» ABOUT THIS TASK
Would you transcribe the lines running from the one that holds "CECOTEC CEC-03203 ΤΟΣΤΙΕΡΑ" to the last line of the records? Leave every picture out.
MATERIAL SHOWN: Begin
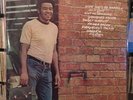EXC LP BILL WITHERS Just As I Am {Original 1971 SUSSEX Issue] 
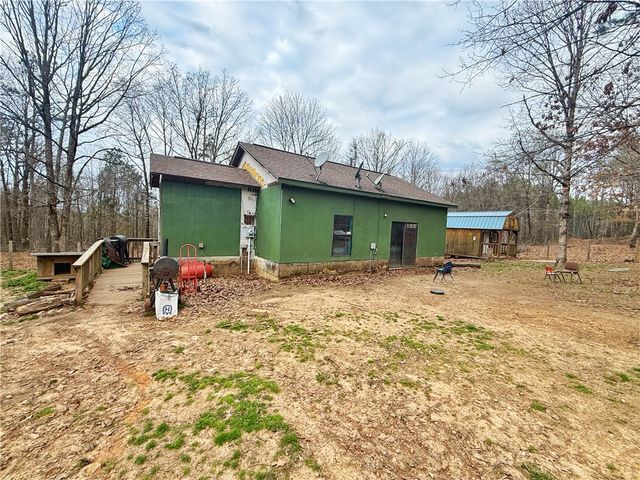780 Sr 164, Dover, AR 72837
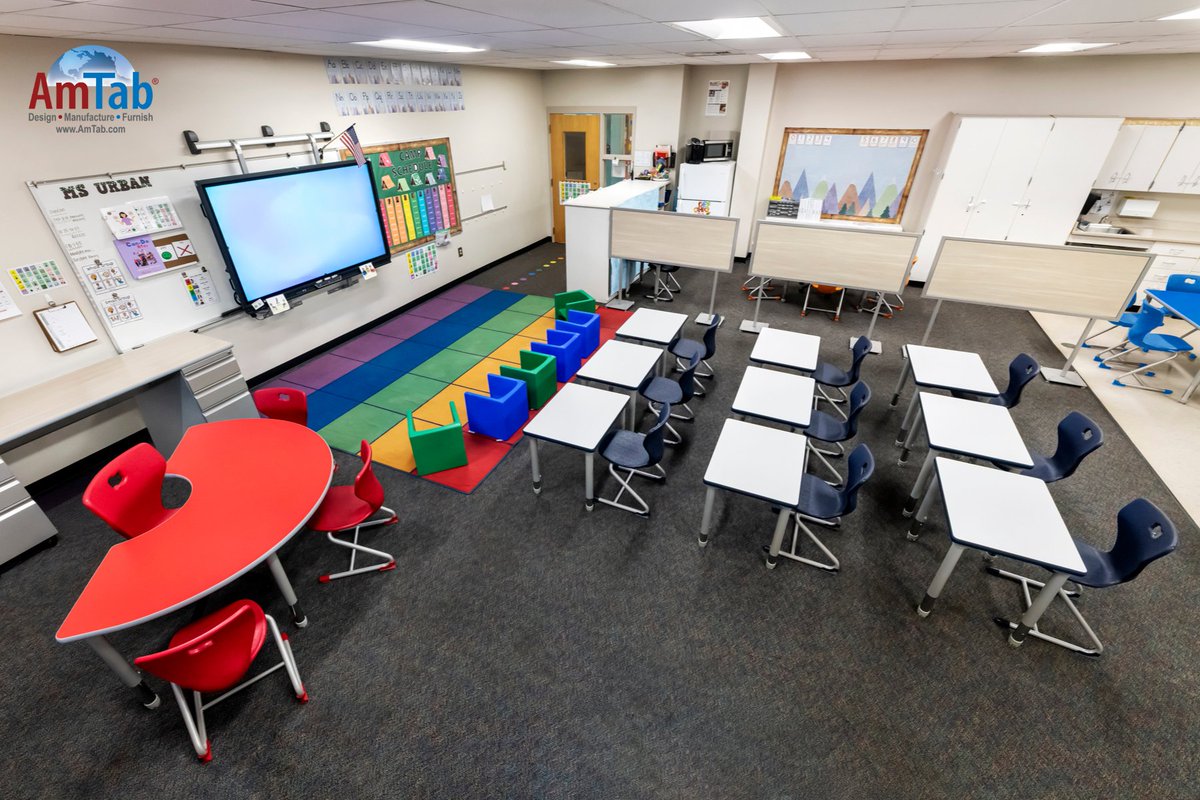 AmTab Manufacturing tweet media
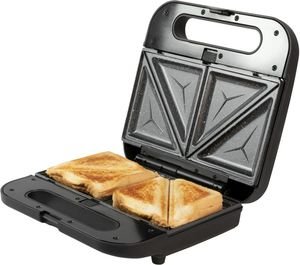 ΤΟΣΤΙΕΡΑ - ΣΑΝΤΟΥΙΤΣΙΕΡΑ - ΒΑΦΛΙΕΡΑ 3 ΣΕ 1 800 W ROCK\'NTOAST 1000 CECOTEC CEC-03203 ΤΟΣΤΙΕΡΑ - ΣΑΝΤΟΥΙΤΣΙΕΡΑ - ΒΑΦΛΙΕΡΑ 3 ΣΕ 1 800 W ROCK\'NTOAST 1000 CECOTEC CEC-03203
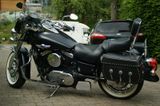Kawasaki VN 1500 Classic Fi - KAWASAKI VN 1500 CLASSIC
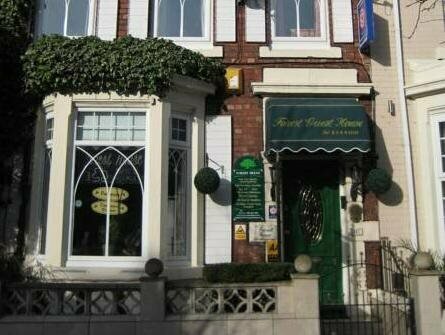 Forest Guest House, Rezervați Pensiune Pensiuni în Merseyside, Pensiune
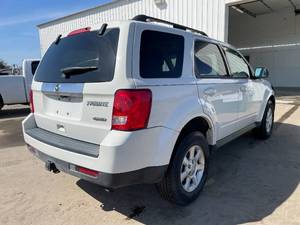 2010 Mazda Tribute S Grand Touring - 1 OWNER - AWD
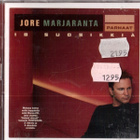 JORE MARJARANTA 18 SUOSIKKIA (TUPLA) - pikkukuva 1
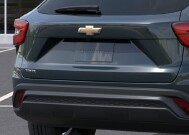 2026 Chevrolet Trax in Burlington, WI 53105 - 18137739 16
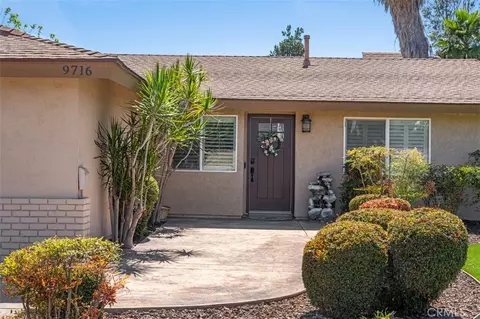 Exterior - 9716 Halberns Blvd, Santee, CA 92071 photo 4 of 10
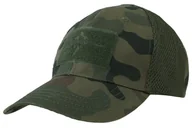 Czapki męskie - Dominator Czapka Baseball Vent R/S Wz.93 - miniaturka - grafika 1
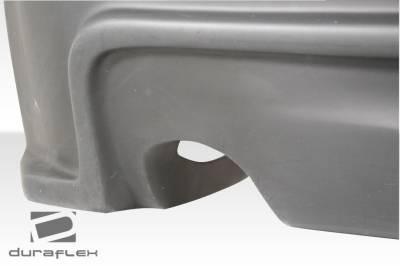 Duraflex - Pontiac Solstice Duraflex GT Concept Rear Bumper Cover - 1 Piece - 103590 - Image 8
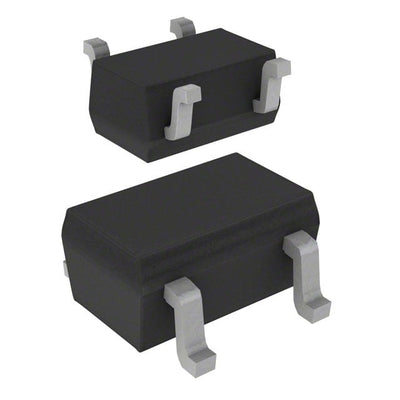 MT4S300U(TE85L,O,F by Toshiba Semiconductor and Storage - X34 PB-F RADIO-FREQUENCY SIGE HE
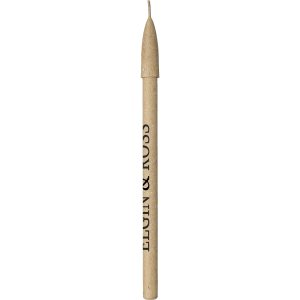 Eco Recycled Gel Paper Pen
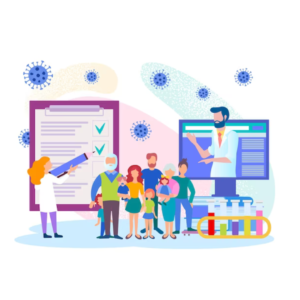 Kids Health and Wellness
MATERIAL SHOWN: End
» RESULT OF THIS TASK
 ΤΟΣΤΙΕΡΑ - ΣΑΝΤΟΥΙΤΣΙΕΡΑ - ΒΑΦΛΙΕΡΑ 3 ΣΕ 1 800 W ROCK\'NTOAST 1000 CECOTEC CEC-03203 ΤΟΣΤΙΕΡΑ - ΣΑΝΤΟΥΙΤΣΙΕΡΑ - ΒΑΦΛΙΕΡΑ 3 ΣΕ 1 800 W ROCK\'NTOAST 1000 CECOTEC CEC-03203
Kawasaki VN 1500 Classic Fi - KAWASAKI VN 1500 CLASSIC
 Forest Guest House, Rezervați Pensiune Pensiuni în Merseyside, Pensiune
 2010 Mazda Tribute S Grand Touring - 1 OWNER - AWD
 JORE MARJARANTA 18 SUOSIKKIA (TUPLA) - pikkukuva 1
 2026 Chevrolet Trax in Burlington, WI 53105 - 18137739 16
 Exterior - 9716 Halberns Blvd, Santee, CA 92071 photo 4 of 10
 Czapki męskie - Dominator Czapka Baseball Vent R/S Wz.93 - miniaturka - grafika 1
 Duraflex - Pontiac Solstice Duraflex GT Concept Rear Bumper Cover - 1 Piece - 103590 - Image 8
 MT4S300U(TE85L,O,F by Toshiba Semiconductor and Storage - X34 PB-F RADIO-FREQUENCY SIGE HE
 Eco Recycled Gel Paper Pen
 Kids Health and Wellness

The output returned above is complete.